A bedsit, bedsitter, or bed-sitting room is a form of accommodation common in some parts of the United Kingdom which consists of a single room per occupant with all occupants typically sharing a bathroom. Bedsits are included in a legal category of dwellings referred to as houses in multiple occupation (HMO).

Bedsits arose from the subdivision of larger dwellings into low-cost accommodation at low conversion cost. In the UK, a growing desire for personal independence after World War II led to a reduced demand for traditional boarding houses with communal dining. Bedsits are often occupied by young single people, students, those unable to purchase their own properties, or those whose occupation is of a transitory nature; the cost is typically lower than for other types of property. Someone whose employment is a long distance from their home may sometimes rent a bedsit to reduce the cost and inconvenience of daily travel.

==Other countries==
The American and Canadian equivalents to a bedsit are rooming houses and single room occupancy (SRO); however, in Canada those differ from bedsits in that rooming houses and SRO hotels generally do not provide tenants with private kitchen or bathing facilities; instead, those facilities are shared. True bedsits are rare in Canada but are found in some Atlantic regions, such as the city of St. John's.

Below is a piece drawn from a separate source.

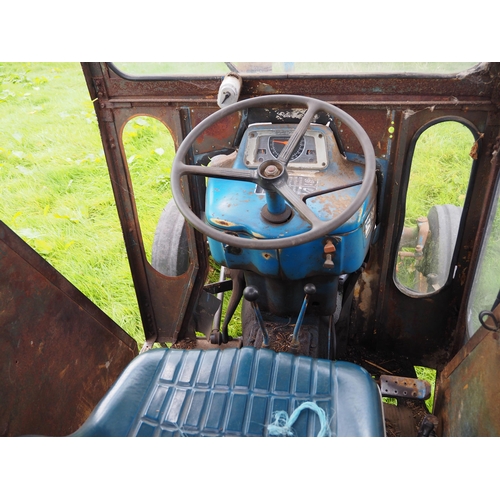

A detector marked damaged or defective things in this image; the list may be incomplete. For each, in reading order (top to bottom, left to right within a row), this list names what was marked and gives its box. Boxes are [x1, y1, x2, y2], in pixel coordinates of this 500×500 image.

rusty metal cab [2, 60, 500, 440]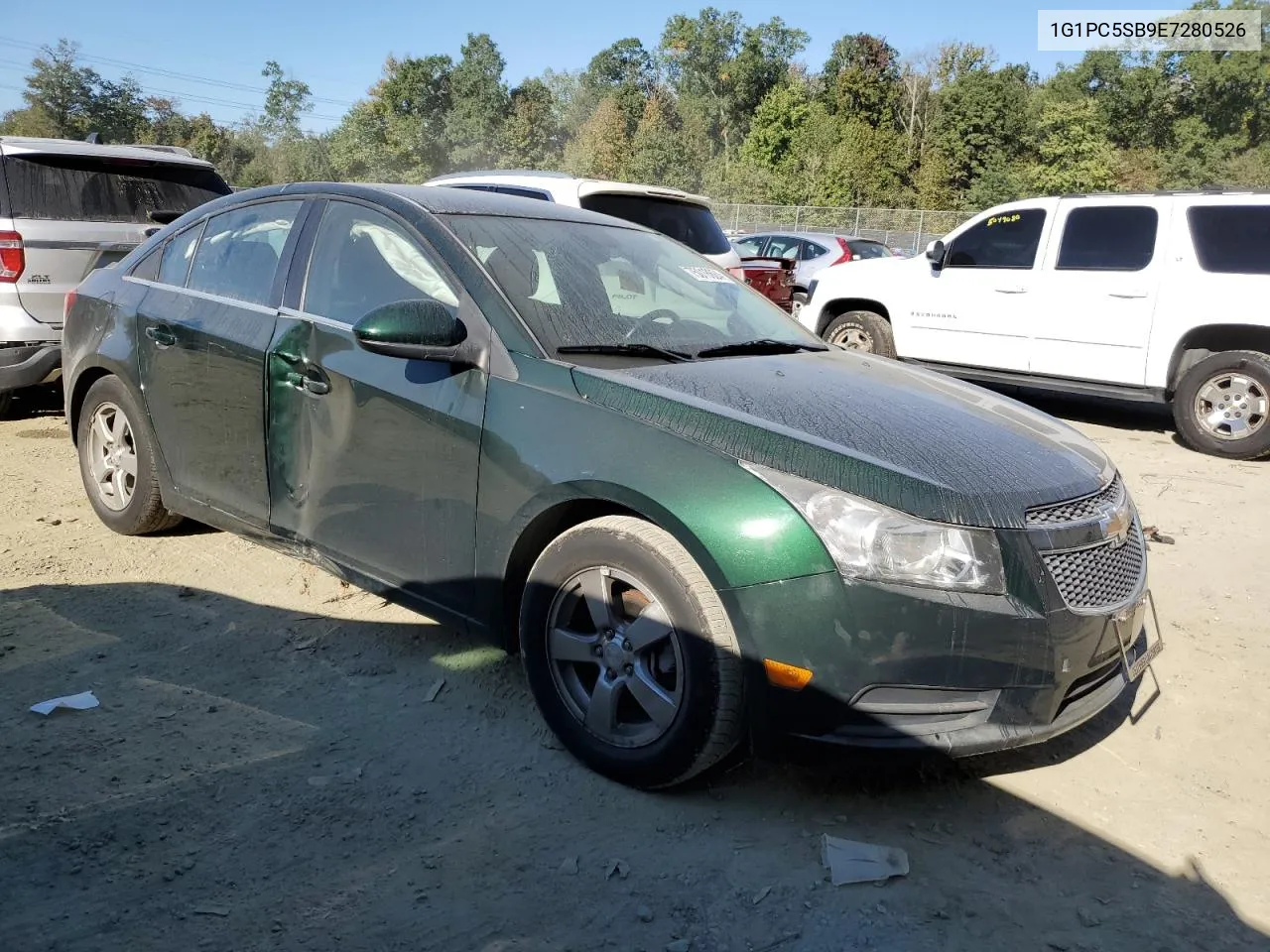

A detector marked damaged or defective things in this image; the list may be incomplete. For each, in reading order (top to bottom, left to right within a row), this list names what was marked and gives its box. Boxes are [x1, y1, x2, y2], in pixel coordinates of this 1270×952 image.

dented front door [265, 200, 487, 619]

In the United States, single room apartments are typically called a studio apartment, or when slightly smaller an efficiency apartment, also known simply as an efficiency.

The Australian equivalent to bedsit was called a flatette. Studio apartment is now the common term, with these typically including a small combined toilet and bathroom.

A bedsit can also be compared to a Soviet communal apartment, in which a common kitchen, bathroom, toilet, and telephone are shared by several families, each of which lives in a single room opening up onto a common hallway.

In Nigeria, an analogue to a bedsit is a face-to-face apartment building, where a group of one- or two-room apartments have entrances facing each other along a walkway leading to the main entrance of the building in which the apartments are located. The apartments, which often have shared bathrooms and kitchen spaces, are low-rent and are commonly used by low-income residents because of their affordability.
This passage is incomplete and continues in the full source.